When history looks back at this decade, MacKenzie Scott’s name will stand out not for the books she sold or the headlines she made, but for the billions she quietly and unapologetically moved into the hands of those long overlooked by traditional philanthropy.
While others wrote checks with press releases in 2020, Scott wrote new rules for redistribution. She directed billions to HBCUs, grassroots organizations, and Black-led institutions that had been invisible to most major donors for generations. She didn’t ask for quarterly reports or branding placements. She asked one question: who has been doing the work all along, and why haven’t they been funded accordingly?
But here’s the question we need to ask now: Who is next?
The Economic Context
It is not just a moral issue. The macroeconomics are turning against Black-led enterprises and Black households, and philanthropy is standing by.
Trade policy and tariffs. New U.S. tariffs are estimated to raise core consumer import prices and production costs. The Federal Reserve Bank of San Francisco projects that an across-the-board 25% tariff could raise consumer goods prices by about 2.2% and investment goods by 9.5%. For small and midsize consumer packaged goods companies—many of which are founded or led by people of color—tariffs undermine margins, force cost-shifting, and erode competitive standing.
Labor and employment. Recent data show that more than 300,000 Black women have exited the U.S. workforce, linked to federal layoffs, DEI rollbacks, and tech industry contractions. Black women make up roughly 12% of the federal workforce, though they are only about 7% of the U.S. labor force. The outcome: Black women heads of household feel the ripple effects through job loss, income instability, and fewer opportunities to start or scale enterprises.
Safety nets under stress. During the 2025 U.S. government shutdown, SNAP benefits for roughly 42 million people were at risk of being halted or cut. When safety nets fray, the entire Black economy feels it: higher household strain, reduced consumer spending power, and less capital circulating through Black-owned businesses.
Where Philanthropic Capital Actually Goes
According to the Equitable Giving Lab’s Communities of Color Index, organizations serving communities of color received just 2.9% of all U.S. philanthropic giving in 2022. Within that, those serving Black and African American communities received only 0.61% of total giving. The National Committee for Responsive Philanthropy found that funding for Black communities peaked at 1.9% of total giving in 2020 and fell back to 1.3% by 2022. Community foundations direct only about 1% of their funding to Black communities, despite Black Americans representing nearly 15% of the population.
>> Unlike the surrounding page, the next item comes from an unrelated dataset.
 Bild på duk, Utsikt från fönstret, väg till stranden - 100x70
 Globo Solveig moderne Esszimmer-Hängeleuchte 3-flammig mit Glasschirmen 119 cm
Echoing Green and The Bridgespan Group documented that in 2019, early-stage Black-led organizations were operating under significantly disadvantaged financial conditions compared with their white-led peers: revenues were on average 24% smaller, and unrestricted net assets—the flexible reserves organizations can deploy as needed—were 76% smaller.
Why the Gap Is So Costly
Black-led nonprofits and enterprises often operate on much smaller budgets and with fewer resources than their white-led counterparts. The funding gap means less capacity, less growth, fewer jobs, and less innovation.
Because the economy of Black households is under pressure, the demand for community-based solutions and entrepreneurship is rising. Yet philanthropic investment is shrinking in relative terms.
When philanthropy stays silent, corporate America and mainstream funders get off the hook. They can make public statements about “empowering diverse entrepreneurs” or “investing in Black communities” without actually moving capital in a meaningful way.
The Case for Action
Investing in Black-led organizations is not charity. It is strategy—and it is how we future-proof our communities.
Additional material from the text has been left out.